Der ist sehr leise aber leider kaum für die Cpu zu empfehlen. 
Wie wäre es einen 120 mm lüfter mit nem Adapter auf 92mm auf den kühler zu befestigen ?
Wenn du genügent Platzt hast dann kannst du nen guten und leisen 120mm lüfter installieren!


----------



## Booogeyman (9. Februar 2009)

*AW: Guter leiser Lüfter 92mm ???*

Also auf die Idee bin ich noch gar net gekommen! 

  Kannst mir einen 120er empfehlen, der sehr gut kühlt und dabei auch noch im hohen Drehzahlbereich recht leise bleibt?

  Wie heisst der Lüfter auf dem Noctua NH-U12P? Der scheint net so schlecht zu sein, wobei es bestimmt auch noch genügend billigere gibt!?


----------



## Nickles (9. Februar 2009)

*AW: Guter leiser Lüfter 92mm ???*

Yate loon d12 sl 1350 (led?)

edit:
kacke den gibts gar net in 92 mm ^^


----------



## Der Dudelsack (9. Februar 2009)

*AW: Guter leiser Lüfter 92mm ???*

Der Lüfter beim Noctua heisst NF-P12


----------



## Uziflator (9. Februar 2009)

*AW: Guter leiser Lüfter 92mm ???*

Noiseblocker XE1 oder XE 2.


----------



## Nickles (9. Februar 2009)

*AW: Guter leiser Lüfter 92mm ???*



> Wenn du genügent Platzt hast dann kannst du nen guten und leisen 120mm lüfter installieren!


genau,dann nimm den yate loon!


----------



## Booogeyman (9. Februar 2009)

*AW: Guter leiser Lüfter 92mm ???*



Uziflator schrieb:


> Noiseblocker XE1 oder XE 2.


Haben die genug Luftdurchsatz um den 940BE zu kühlen? Wie laut sind die? Hab nen XL1 als Gehäuselüfter...der ist i.O.


----------



## Uziflator (9. Februar 2009)

*AW: Guter leiser Lüfter 92mm ???*



Booogeyman schrieb:


> Haben die genug Luftdurchsatz um den 940BE zu kühlen? Wie laut sind die? Hab nen XL1 als Gehäuselüfter...der ist i.O.

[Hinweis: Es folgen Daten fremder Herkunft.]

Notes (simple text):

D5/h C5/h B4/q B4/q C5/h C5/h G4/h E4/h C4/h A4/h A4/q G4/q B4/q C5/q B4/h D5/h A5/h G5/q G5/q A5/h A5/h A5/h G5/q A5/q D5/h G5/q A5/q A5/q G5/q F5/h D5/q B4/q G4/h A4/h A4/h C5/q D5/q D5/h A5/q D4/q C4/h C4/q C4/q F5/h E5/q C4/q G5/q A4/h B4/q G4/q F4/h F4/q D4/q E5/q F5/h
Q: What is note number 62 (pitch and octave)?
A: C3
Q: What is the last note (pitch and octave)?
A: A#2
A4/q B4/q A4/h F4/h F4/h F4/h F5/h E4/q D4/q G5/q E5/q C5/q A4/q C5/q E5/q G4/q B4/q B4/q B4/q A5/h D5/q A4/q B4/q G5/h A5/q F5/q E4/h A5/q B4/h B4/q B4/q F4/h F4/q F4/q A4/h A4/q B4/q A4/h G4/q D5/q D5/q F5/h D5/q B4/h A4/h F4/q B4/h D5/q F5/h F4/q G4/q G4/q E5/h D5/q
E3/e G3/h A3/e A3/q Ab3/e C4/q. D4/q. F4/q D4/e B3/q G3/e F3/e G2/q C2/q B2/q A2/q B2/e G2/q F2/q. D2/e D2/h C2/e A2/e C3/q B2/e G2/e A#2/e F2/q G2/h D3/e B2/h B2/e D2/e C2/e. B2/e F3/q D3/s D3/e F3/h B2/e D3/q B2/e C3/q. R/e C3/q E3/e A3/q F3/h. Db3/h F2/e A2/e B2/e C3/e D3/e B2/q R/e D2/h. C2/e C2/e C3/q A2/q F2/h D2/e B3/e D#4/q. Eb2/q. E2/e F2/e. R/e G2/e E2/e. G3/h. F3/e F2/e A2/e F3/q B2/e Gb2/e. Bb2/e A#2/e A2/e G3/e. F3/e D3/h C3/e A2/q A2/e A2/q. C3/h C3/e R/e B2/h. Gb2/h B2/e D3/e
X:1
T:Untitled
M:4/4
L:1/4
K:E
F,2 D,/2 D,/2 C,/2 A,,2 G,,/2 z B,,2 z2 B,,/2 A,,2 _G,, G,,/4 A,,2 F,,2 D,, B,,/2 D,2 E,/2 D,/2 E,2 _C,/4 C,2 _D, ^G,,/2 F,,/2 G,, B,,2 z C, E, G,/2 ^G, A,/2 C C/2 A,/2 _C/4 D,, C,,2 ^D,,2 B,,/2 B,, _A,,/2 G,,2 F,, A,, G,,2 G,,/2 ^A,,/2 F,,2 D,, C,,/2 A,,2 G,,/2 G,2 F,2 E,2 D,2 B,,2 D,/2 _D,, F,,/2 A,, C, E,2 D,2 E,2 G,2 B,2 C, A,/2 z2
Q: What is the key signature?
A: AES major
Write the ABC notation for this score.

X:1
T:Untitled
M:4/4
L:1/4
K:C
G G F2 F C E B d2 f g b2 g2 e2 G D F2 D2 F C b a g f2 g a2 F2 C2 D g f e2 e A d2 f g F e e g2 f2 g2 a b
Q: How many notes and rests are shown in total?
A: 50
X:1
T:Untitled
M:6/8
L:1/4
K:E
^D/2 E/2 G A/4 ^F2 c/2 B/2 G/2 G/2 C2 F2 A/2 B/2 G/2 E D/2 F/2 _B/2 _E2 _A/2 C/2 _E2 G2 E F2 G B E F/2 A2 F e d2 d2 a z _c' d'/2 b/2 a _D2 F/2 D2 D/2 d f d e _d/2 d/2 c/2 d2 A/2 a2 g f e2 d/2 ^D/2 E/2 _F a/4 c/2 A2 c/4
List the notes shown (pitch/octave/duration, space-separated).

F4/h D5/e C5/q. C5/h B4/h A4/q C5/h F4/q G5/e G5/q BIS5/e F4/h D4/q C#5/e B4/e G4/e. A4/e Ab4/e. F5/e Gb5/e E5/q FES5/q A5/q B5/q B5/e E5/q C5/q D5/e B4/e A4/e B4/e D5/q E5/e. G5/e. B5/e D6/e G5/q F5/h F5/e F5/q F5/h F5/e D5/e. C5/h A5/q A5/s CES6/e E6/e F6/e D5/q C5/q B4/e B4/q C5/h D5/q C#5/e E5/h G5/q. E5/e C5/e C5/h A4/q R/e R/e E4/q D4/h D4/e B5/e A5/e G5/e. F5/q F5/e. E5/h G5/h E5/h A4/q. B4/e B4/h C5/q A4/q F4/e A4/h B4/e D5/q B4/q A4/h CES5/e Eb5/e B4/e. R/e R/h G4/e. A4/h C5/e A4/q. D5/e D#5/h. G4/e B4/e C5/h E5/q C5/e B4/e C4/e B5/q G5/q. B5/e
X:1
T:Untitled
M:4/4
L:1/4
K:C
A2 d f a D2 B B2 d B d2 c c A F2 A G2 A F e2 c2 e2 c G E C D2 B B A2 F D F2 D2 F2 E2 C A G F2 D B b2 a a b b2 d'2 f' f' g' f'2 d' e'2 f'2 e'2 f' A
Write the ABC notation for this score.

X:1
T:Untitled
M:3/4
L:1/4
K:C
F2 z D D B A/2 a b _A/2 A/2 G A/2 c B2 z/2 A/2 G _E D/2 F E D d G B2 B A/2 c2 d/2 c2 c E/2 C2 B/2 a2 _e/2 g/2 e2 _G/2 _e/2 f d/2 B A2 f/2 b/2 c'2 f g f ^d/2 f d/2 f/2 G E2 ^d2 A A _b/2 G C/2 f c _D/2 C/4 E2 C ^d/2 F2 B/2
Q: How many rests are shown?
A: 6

So entscheindt ist der Luftdurchsatz garnicht,mein Noiseblocker läuft auf 5v und jühlt meinen 940BE@3,6Ghz auf 40c(last)


----------



## Widowmaker_1 (9. Februar 2009)

*AW: Guter leiser Lüfter 92mm ???*

Sharkoon Silent Eagle 1500


----------



## Nickles (9. Februar 2009)

*AW: Guter leiser Lüfter 92mm ???*

92 zu 120mm adapter und Caseking.de » Lüfter » Yate Loon » Yate Loon D12SL-12+4LED UV 1350 Lüfter - 120mm
rein!


...


----------



## Booogeyman (10. Februar 2009)

*AW: Guter leiser Lüfter 92mm ???*



Uziflator schrieb:


> So entscheindt ist der Luftdurchsatz garnicht,mein Noiseblocker läuft auf 5v und jühlt meinen 940BE@3,6Ghz auf 40c(last)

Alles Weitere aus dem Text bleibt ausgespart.